My Smart Mate Smart audio guide


My Travel Mate is a smart audio guide that automatically provides the user information about the surrounding environment. The system, without any user interaction, builds a point of interest database exploiting Wikipedia and Google APIs as source. It leverages a computer vision system, to overcome the likely sensor limitations, and determines if the user is facing a certain landmark. After having automatically obtained information on the detected interest point, the guide presents audio description at the most appropriate moment, using text-to-speech augmenting the experience.

My Travel Mate consists in an android Application that is composed of three interacting modules: i) the Location Module that provides current location and nearby points of interest; ii) the Content Provider that is responsible to fetch interest point textual information; iii) the Vision Module that constantly acquires the user view from the phone camera and compares it against a set of expected point of interest appearances.
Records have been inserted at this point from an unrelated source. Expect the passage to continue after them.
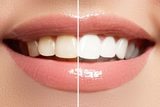 East Wind Dental Care (Hillsboro Dentist), Hillsboro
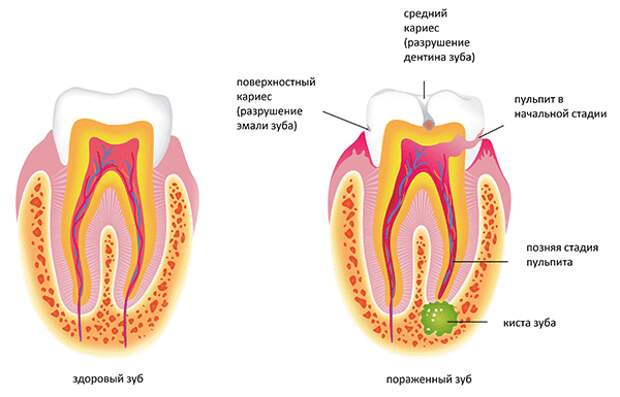 Развитие кисты зуба
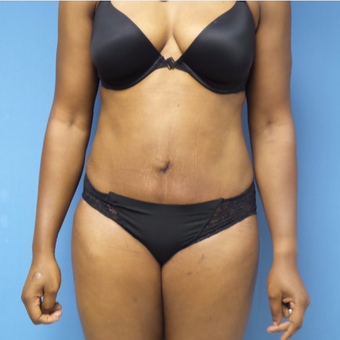 35-44 year old woman treated with Tummy Tuck after 3168461
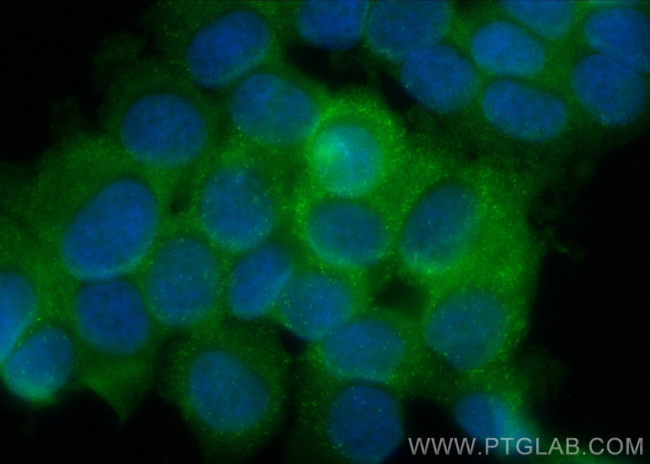 HARS Antibody in Immunocytochemistry (ICC/IF)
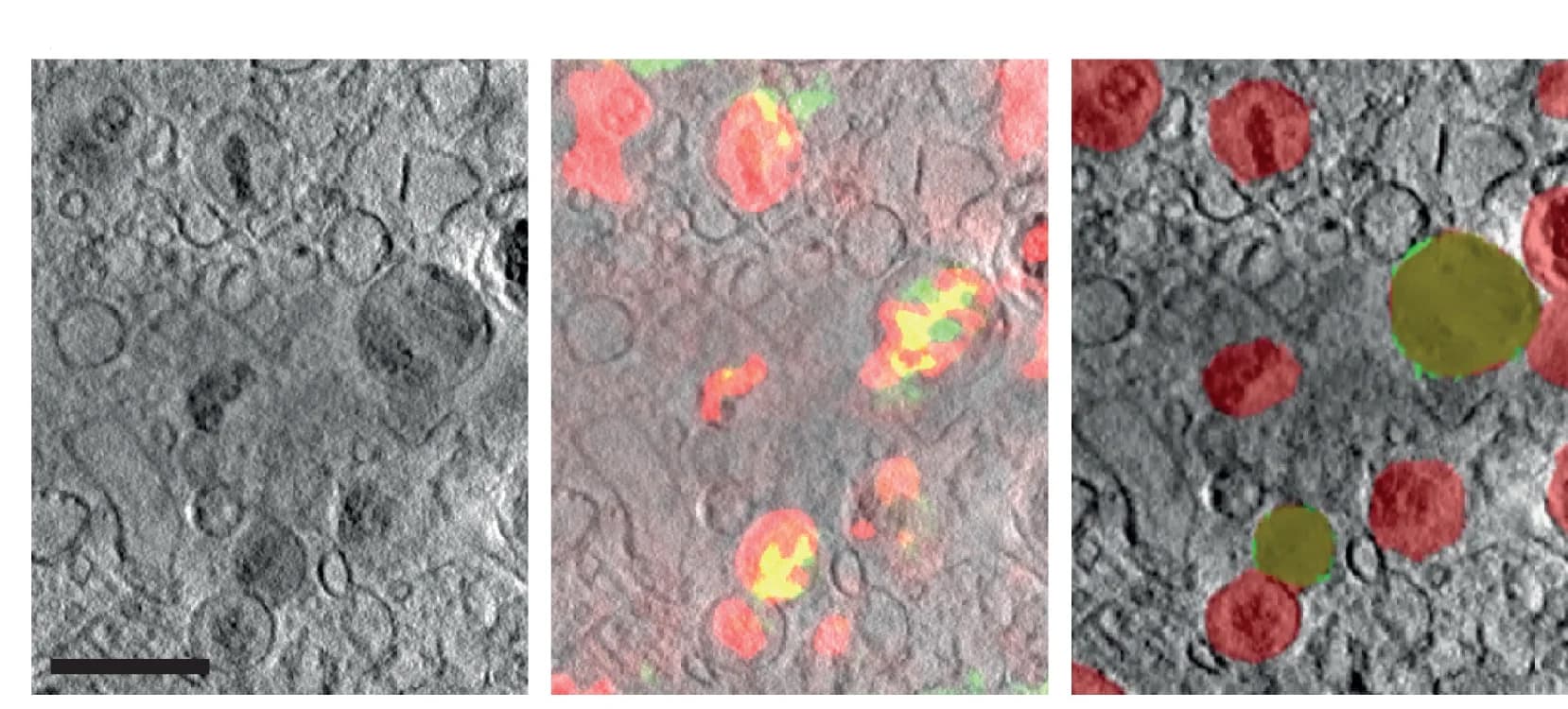 Open access visualization of Microscopy, Tomogram Slice, Neurons, LysoTracker, A42-Alexa Fluor 488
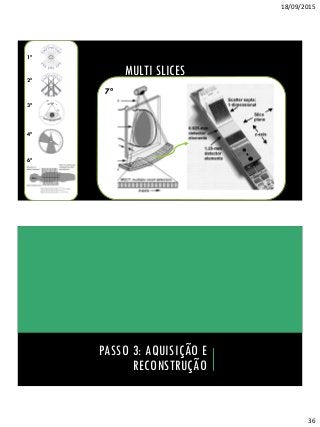 18/09/2015
36
MULTI SLICES
6ª
4ª
3ª
2ª
1ª
7ª
PASSO 3: AQUISIÇÃO E
RECONSTRUÇÃO
 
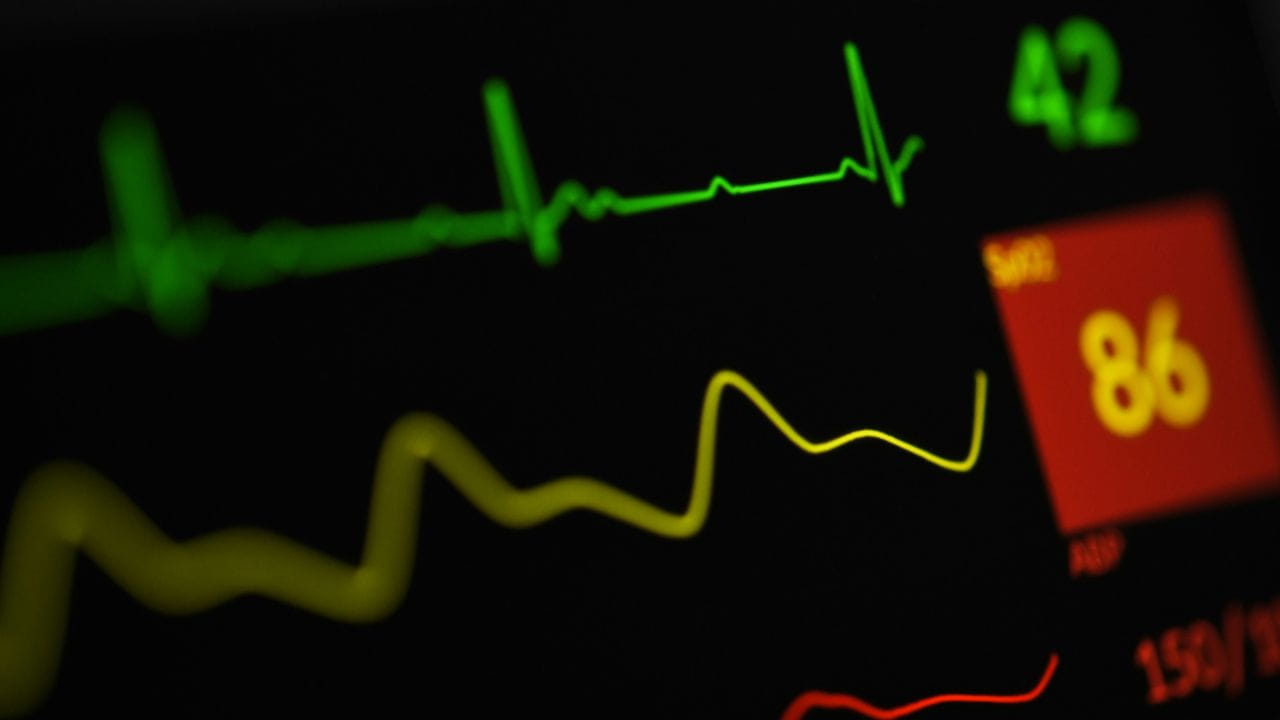What does a cardio-phlebotomy technician do at work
Location Module: the location module is responsible of retrieving nearby points of interest to the application. It queries Google Places for a list of 20 interest points in a given radius, annotated with one or more type of interest point. The user can personalize the application to specify which type he is interested into (e.g. historical monuments) and exclude all the results containing unwanted types (e.g. cafes). In order to avoid finding results for interest points that share a common name but are located elsewhere, we explicitly specify the name of the current city in the query.

Content Provider: this module translates interest points into artwork descriptions. It queries Wikipedia for articles that contain both the point name and the city name, obtained by the Location module and localized in the local language. The first result is selected as best candidate and a second query to Wikipedia is performed to collect the page extract which is then used as artwork description. To provide translations into other languages the module also performs an additional query to Wikipedia, this time requesting the Interlanguage Links for the retrieved page.

Vision Module: understanding when the user is actually facing a landmark is not a trivial task since user position and device orientation are not reliable information. To address this issue the system makes use of a computer vision algorithm that constantly observes the user perspective and matches it to the surrounding artworks provided by the Location Module. To determine if the user is facing one of the surrounding landmarks, the module queries Google Street Map. We retrieve a set of images taken considering the estimated point of view of the user. We index SIFT descriptors on multiple kd-trees. To reduce the burden of RANSAC geometric verification.

To provide an adequate user experience the system applies temporal smoothing to prevent erroneous detections and also incorporates a tracking strategy to provide only continuous output values.

The proposed system has been developed using a NVIDIA Jetson TK1 board, to test the performance of the vision system and then moved to an NVIDIA Shield Tablet K1 running Android OS.